## DIRECTIONS
Write back, word for word, the lines from the one containing "PRODUÇÃO DE BIOETANOL: BACTÉRIAS" to the end of the listing below. Include nothing else, and no pictures.

## COLLECTED DATA
*** Begin section ***

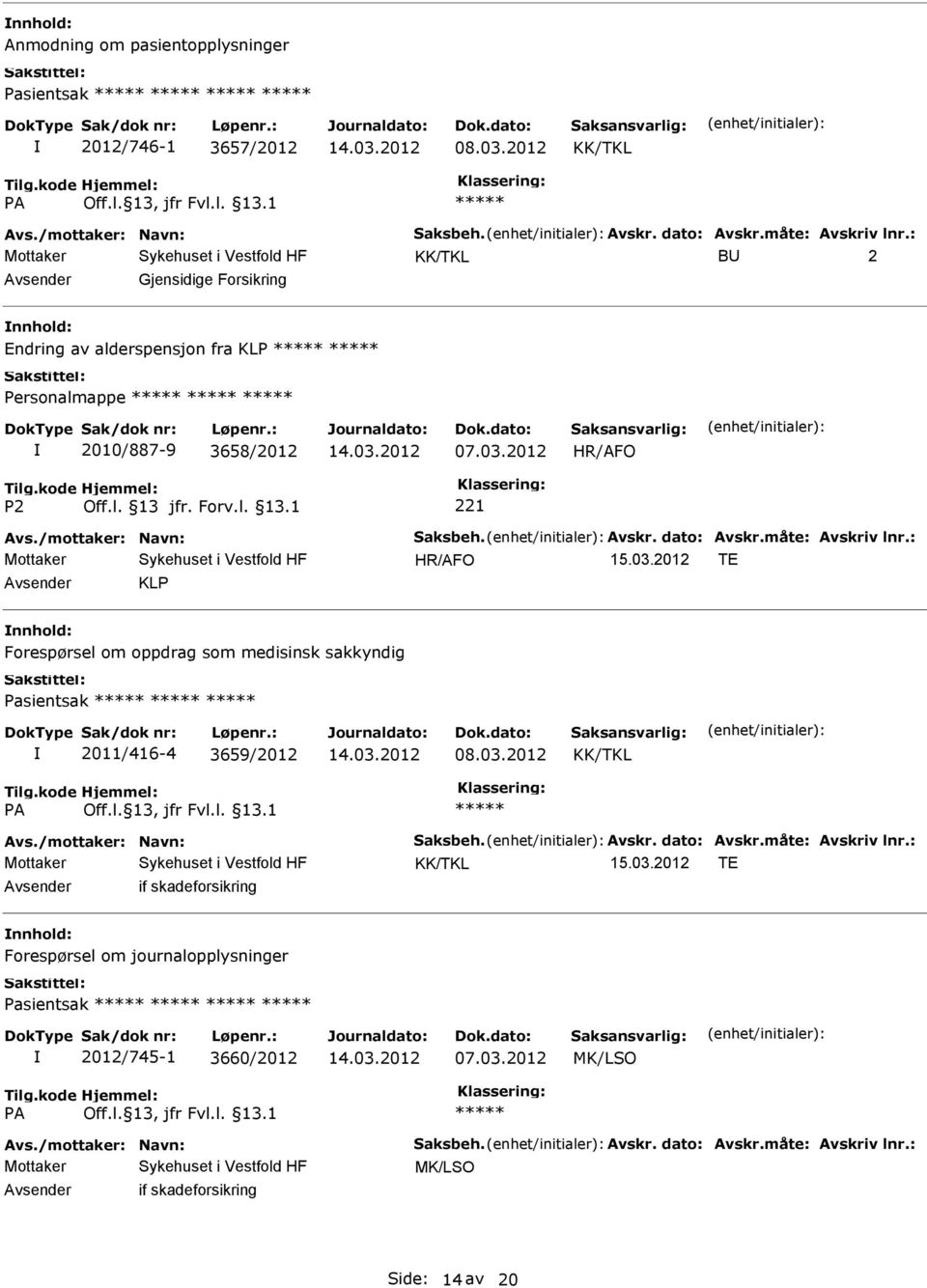 : HR/AFO 15.03.2012 TE KLP Forespørsel om oppdrag som medisinsk sakkyndig Pasientsak 2011/416-4 3659/2012 08.03.2012 Avs./mottaker: Navn: Saksbeh. Avskr. dato: Avskr.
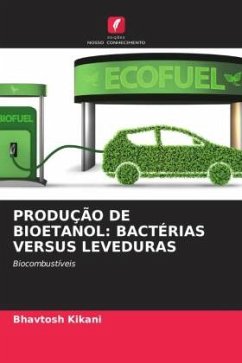 PRODUÇÃO DE BIOETANOL: BACTÉRIAS VERSUS LEVEDURAS - Kikani, Bhavtosh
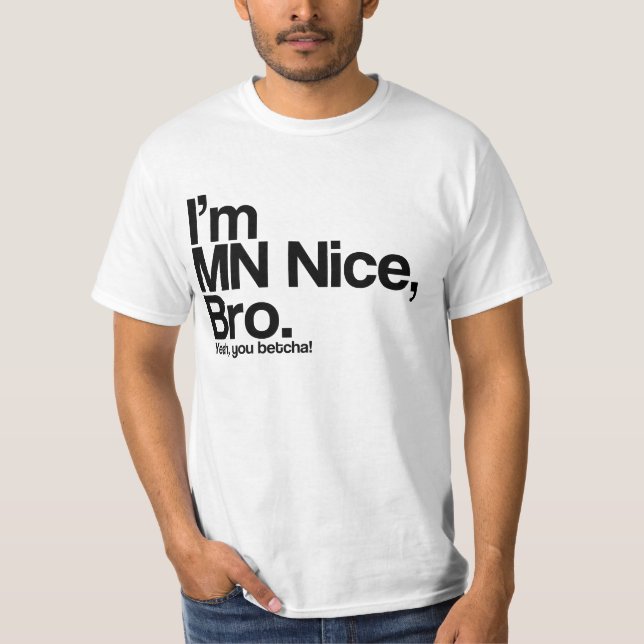 I’m MN Nice Bro Yeah You Betcha Funny T Shirt (Front)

*** End section ***

## TASK OUTPUT
 PRODUÇÃO DE BIOETANOL: BACTÉRIAS VERSUS LEVEDURAS - Kikani, Bhavtosh
 I’m MN Nice Bro Yeah You Betcha Funny T Shirt (Front)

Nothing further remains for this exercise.